First, you will suffer the loss of valuable knowledge and experience. I cannot say enough about how damaging it is to invest in growth and then lose it when experience walks out the door. This includes the loss of people who already know all of your policies and goals and how to perform in their individual roles to achieve these goals. Second, high employee turnover ruins the balance in the organization and causes performance to suffer all around. This is because you lose your performance advantages when continuing team development is interrupted. The loss is not limited to the person who left, but extends to everyone who is affected by that person no longer being around.
Employee turnover causes a business to lose their ability to ensure knowledge continuity. People become more valuable and more satisfied when they can grow in terms of their experience, expertise, and collaboration. When you lose this, it takes away your competitive edge, agility, and readiness for the future. It’s like a leak in your gas tank. You have to keep filling it because you keep losing it, and that costs you a lot over the long term, and can get increasingly costly as the hole gets bigger.
Every business must accept the losses incurred from retirement.

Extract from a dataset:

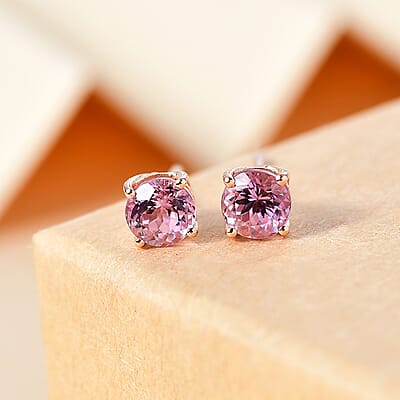 D'Joy Martha Rocha Kunzite 1.50 ctw Rose Stud Earrings in 18K Vermeil Rose Gold Over Sterling Silver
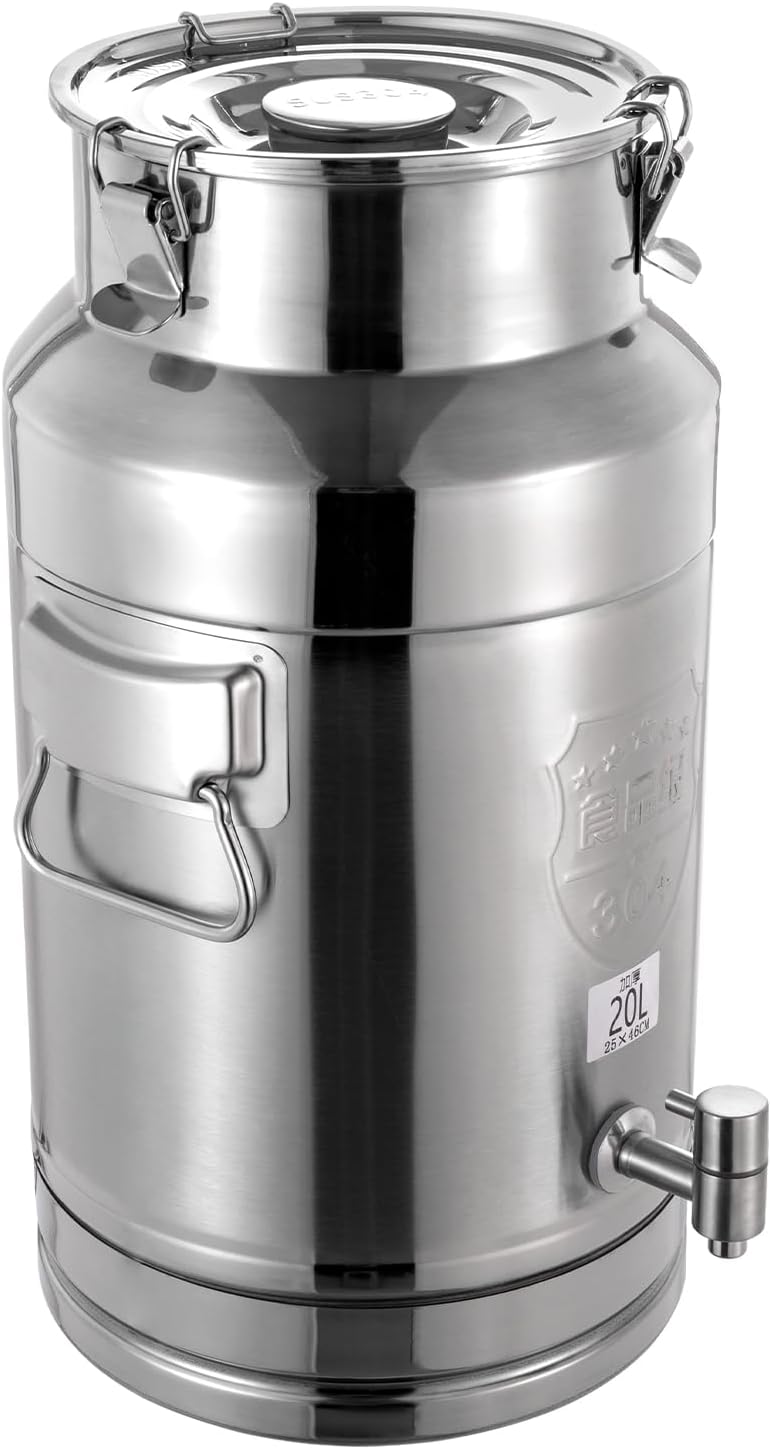 Hot Beverage Dispenser With Spigot - Stainless Steel Tea, Milk & Coffee Dispenser (5.28 gal)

But people who exit your company because they are retiring form maybe only about ten percent of the whole. If you look at your employee turnover statistics — which you really should be keeping an eye on! — you will probably find that more than half are resignations. This can go higher depending on how great of a workplace environment you have. And, depending on how great of a hiring, onboarding, training, and management process you maintain, about a third of employee turnover can be from the people you have to let go.

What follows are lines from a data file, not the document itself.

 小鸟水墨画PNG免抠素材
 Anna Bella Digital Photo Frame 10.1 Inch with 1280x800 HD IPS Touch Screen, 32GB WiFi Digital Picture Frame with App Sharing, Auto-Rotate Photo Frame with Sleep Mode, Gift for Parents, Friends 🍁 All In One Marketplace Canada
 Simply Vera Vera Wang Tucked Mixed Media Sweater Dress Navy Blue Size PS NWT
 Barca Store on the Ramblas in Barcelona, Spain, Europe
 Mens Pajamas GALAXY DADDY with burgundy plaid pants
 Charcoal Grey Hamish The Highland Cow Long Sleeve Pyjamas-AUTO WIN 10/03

If you are losing valuable knowledge, experience, and productivity from things that you can control, that’s a real eye-opener. You don’t have to pay ninety percent of this high price if you decide to do determined work on fixing your company culture and processes.
Note that if you are a smaller company with fewer people, your losses can be significantly higher. This is because you probably have people taking on a variety of different roles, or at least several different tasks spread across different departments. This makes it especially difficult for you to replace one of these people when they leave. The widespread gaps then create a more serious problem. Again, much of this can be avoided with a better hiring process. In this case, you need to consider focusing on bringing more people in to do specialized work instead of putting all your eggs in one basket.
Employee Turnover Kills
These are just the four major ways that employee turnover can affect your business. And I did not even discuss all the specific cases and their various negative effects. For instance, there may be cases where you will face litigation or legal disputes. You need to assess the specific risks that your business faces so that you can properly prepare to handle employee turnover.
Start today by thinking about the pain points of your team members. Schedule time to meet with your existing team members so you can see what’s bothering them and what you can do to improve things. Make an effort to understand what affects them in terms of lack of recognition, conflicts with management, interpersonal issues, difficulty dealing with clients, and workload problems, to name a few. Then make it a point to do this regularly to keep things in tip top shape.